General Assembly opens session today

Jan. 30, 2013 @ 08:00 AM

As North Carolina lawmakers get situated in Raleigh, they are preparing for a biennial session that could last into May.

Jordan Shaw, spokesman for House Speaker Thom Tillis, said that as the gavel comes down today at noon to open the session, the agenda is a recurring one.

“Our goal always goes back to the economy and jobs,” Shaw said. “We are showing some good signs but we have to continue to make progress.”

The unemployment in North Carolina has been steady at just under 10 percent however, in Rutherford County, that rate has been closer to 13 percent.

One bill that could make its way to the House floor is one that will trim the maximum unemployment benefits from $535 per week to $350 per week.

The intent of the bill is to help curb the debt owed by North Carolina businesses to the federal government for unemployment benefits.

“North Carolina businesses are in debt to the federal government to the tune of $3 billion,” Shaw said. “Because we are in that much debt, businesses will continue to see their unemployment taxes increase until the debt is paid off.”

He said that the debt owed can hurt new businesses looking to come to North Carolina because they will “inherit the debt.”

“The solution to higher unemployment is not a federally funded unemployment insurance system, but more jobs,” Shaw said. “We are going to make another tough decision and solve this problem.”

As the Senate is set to start work on the biennial budget first, the House will begin looking at other priority issues. Shaw said one of those issues is regulatory reform.

A new House committee was established to look at eliminating unnecessary regulations within North Carolina law.

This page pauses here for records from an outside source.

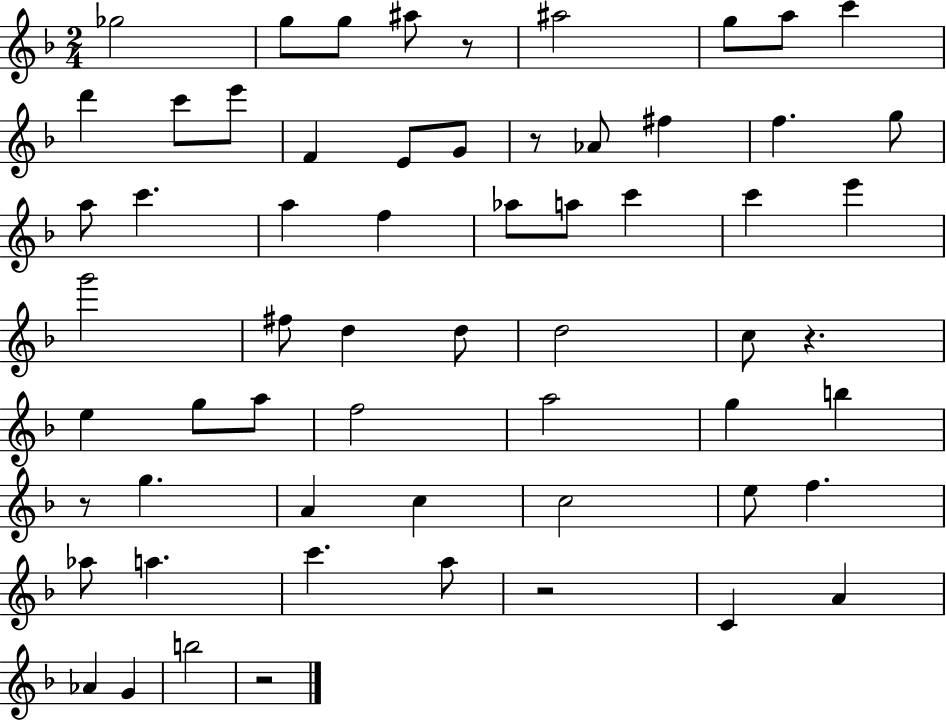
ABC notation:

X:1
T:Untitled
M:2/4
L:1/4
K:F
_g2 g/2 g/2 ^a/2 z/2 ^a2 g/2 a/2 c' d' c'/2 e'/2 F E/2 G/2 z/2 _A/2 ^f f g/2 a/2 c' a f _a/2 a/2 c' c' e' g'2 ^f/2 d d/2 d2 c/2 z e g/2 a/2 f2 a2 g b z/2 g A c c2 e/2 f _a/2 a c' a/2 z2 C A _A G b2 z2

That committee is being chaired by Rep. Tim Moffitt, R-Buncombe.

“We are going to look at ways to make North Carolina more competitive, regionally,” Shaw said.

Another priority of leadership will be looking at the education system in North Carolina. Shaw said that the focus of educators should be on teaching and not conforming to some regulations.

Of course, the main issue for the session will be the budget. Shaw said that the Senate will begin work immediately on the budget but the House leadership does have some ideas on spending.

“Because of the tough decisions we have made over the years to fill a deficit without raising taxes, we are able to start in a much better budget situation,” Shaw said. “We are still going to prioritize spending and maximizing taxpayer dollars.

“Just because we are in a better position doesn’t mean we are going to just start spending.”